Turning a regulation into testable code

How to take a dense statute from primary source to an audit-ready detector — separating literal text from enforcement practice, and deriving tests from the regulation itself.

Engineers usually meet a regulation as a PDF and a deadline. The instinct is to read it once, translate the sentences literally into if statements, and move on. That produces software that is wrong in exactly the ways that matter, because the literal text and the way a rule is actually enforced routinely diverge.

Here is the method I use to take a regulation from primary source to code you can defend line-by-line in an audit.

Read the primary source, not a summary

Summaries are written by people who already decided what matters. A compliance engine fails on the cases the summary skipped. So the first step is unglamorous: read the actual articles, the implementing decisions, the official guidance notes, and — this is the part most people miss — the enforcement practice.

Separate the rule from how it's enforced

The core data structure is one entry per clause:

statutory_rule — what the text literally says.
enforcement_overlay — how authorities actually apply it, which often differs.
divergence_note — where, and why, the two pull apart.

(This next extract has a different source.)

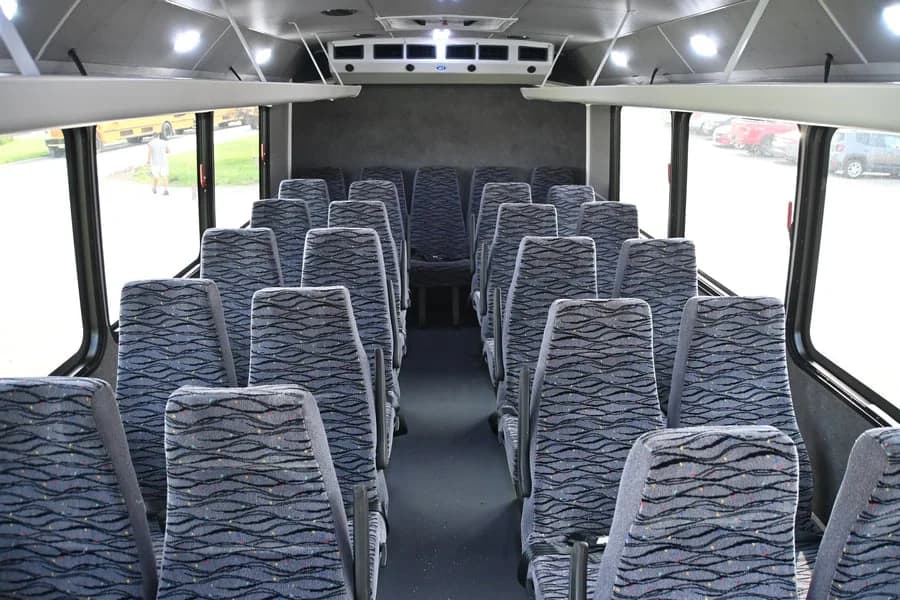 2015 Ford F550 Shuttle Bus - Image 5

Mark the overlay as the binding behaviour and keep the statutory rule as a citation. Now the detector has a single source of truth, but the divergence stays auditable — when someone asks "why does the engine flag this?", you can point to both the text and the practice.

A concrete shape of this: a rule reads as 'per transaction', but enforcement applies it as a 24-hour aggregate per counterparty. A literal implementation passes the text and fails the audit. The overlay is what you actually build.

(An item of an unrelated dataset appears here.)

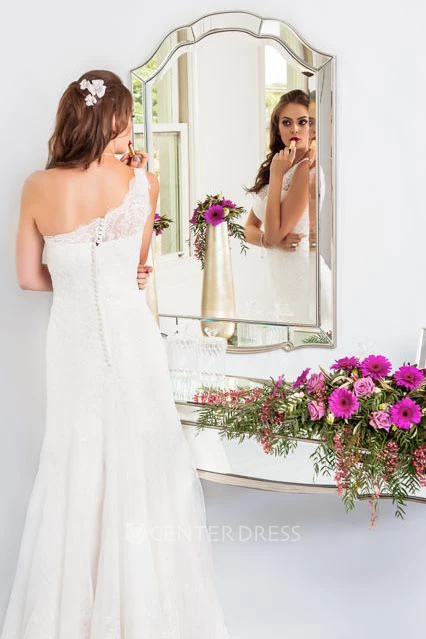 Sheath Sleeveless One-Shoulder Lace Wedding Dress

Each rule becomes a precise algorithm

Once a clause is captured, translate it into an algorithm with five explicit parts:

Inputs — exactly which fields, in which units.
Reference window — daily, fortnightly, a rolling multi-week period. This is where most bugs live.
Threshold table — the numbers, and the bands between them.
Severity classification — how a breach is graded.
Edge cases and dedup — how this rule interacts with adjacent rules so one event does not fire three findings.

Writing this before any code forces the ambiguities into the open, which is exactly where you want them — in review, not in production.

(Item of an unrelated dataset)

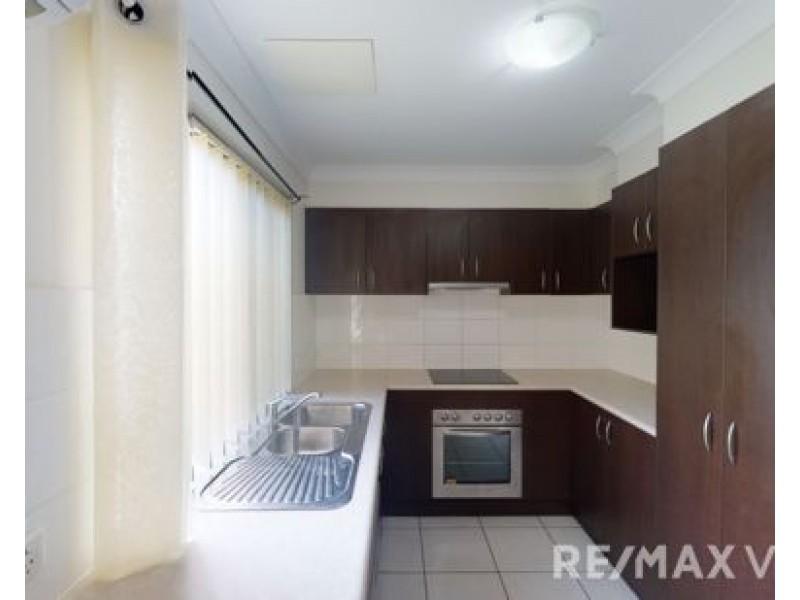 8/2 Station Road, Burpengary QLD 4505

Derive the tests from the regulation

The trick that makes compliance code trustworthy without access to a private benchmark: the tests come from the regulation, not from the implementation.

Fixtures per rule — the canonical violation, the boundary cases one second over and under the threshold, and the explicit non-violations.
Property-based tests — invariants that must hold for any generated input. Monotonicity (making a breach worse never lowers its severity). Conservation (durations sum to the window minus annotated gaps). Locality (a derogation applied to one segment does not change detection elsewhere).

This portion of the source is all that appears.